### Work request
Could you copy the data that follows exactly as written, but drop the pictures?

### Available data

Segment Open

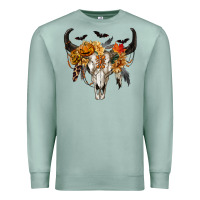 Seafoam Halloween Bull Skull Premium Sweatshirt - RanaPortraitStore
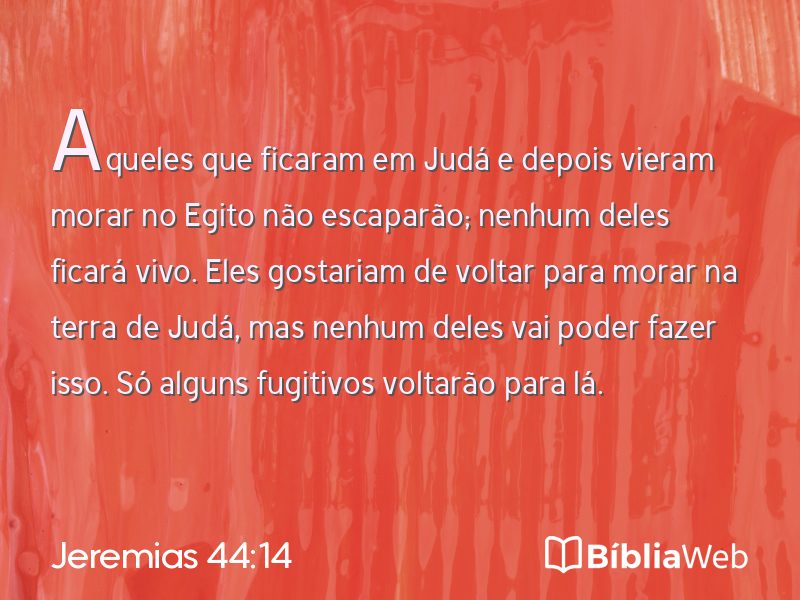Jeremias 44:14 em imagem para compartilhar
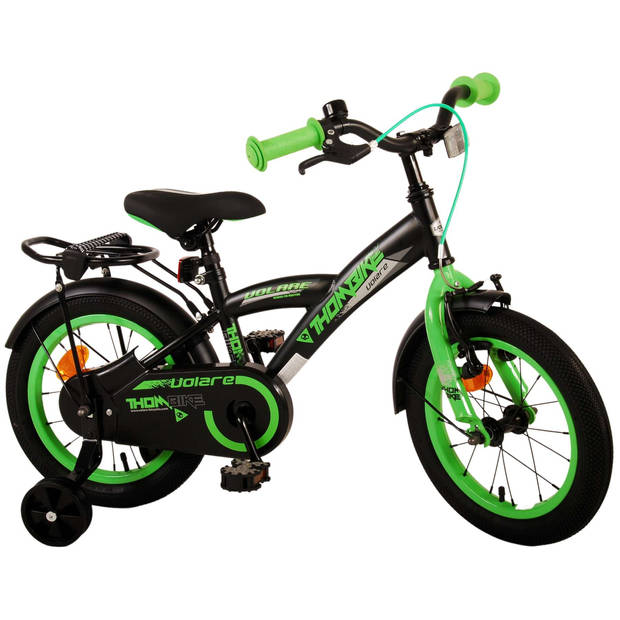 Volare Jongensfiets Thombike 14 Inch 22,5 cm Jongens Terugtraprem Zwart/Groen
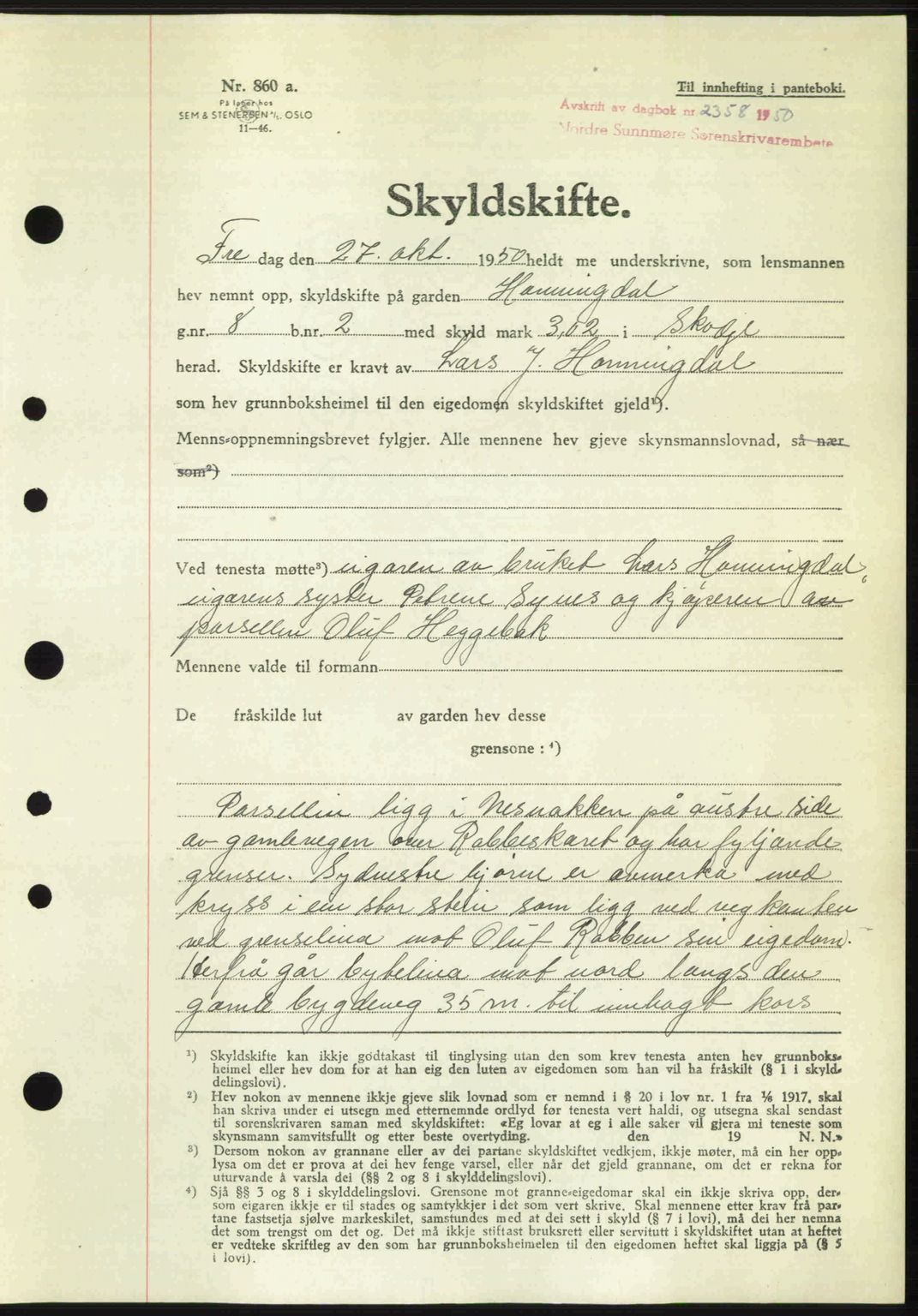 Nordre Sunnmøre sorenskriveri, AV/SAT-A-0006/1/2/2C/2Ca: Pantebok nr. A36, 1950-1950, Dagboknr: 2358/1950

Segment Closed

### Solved exercise
 Seafoam Halloween Bull Skull Premium Sweatshirt - RanaPortraitStore
Jeremias 44:14 em imagem para compartilhar
 Volare Jongensfiets Thombike 14 Inch 22,5 cm Jongens Terugtraprem Zwart/Groen
 Nordre Sunnmøre sorenskriveri, AV/SAT-A-0006/1/2/2C/2Ca: Pantebok nr. A36, 1950-1950, Dagboknr: 2358/1950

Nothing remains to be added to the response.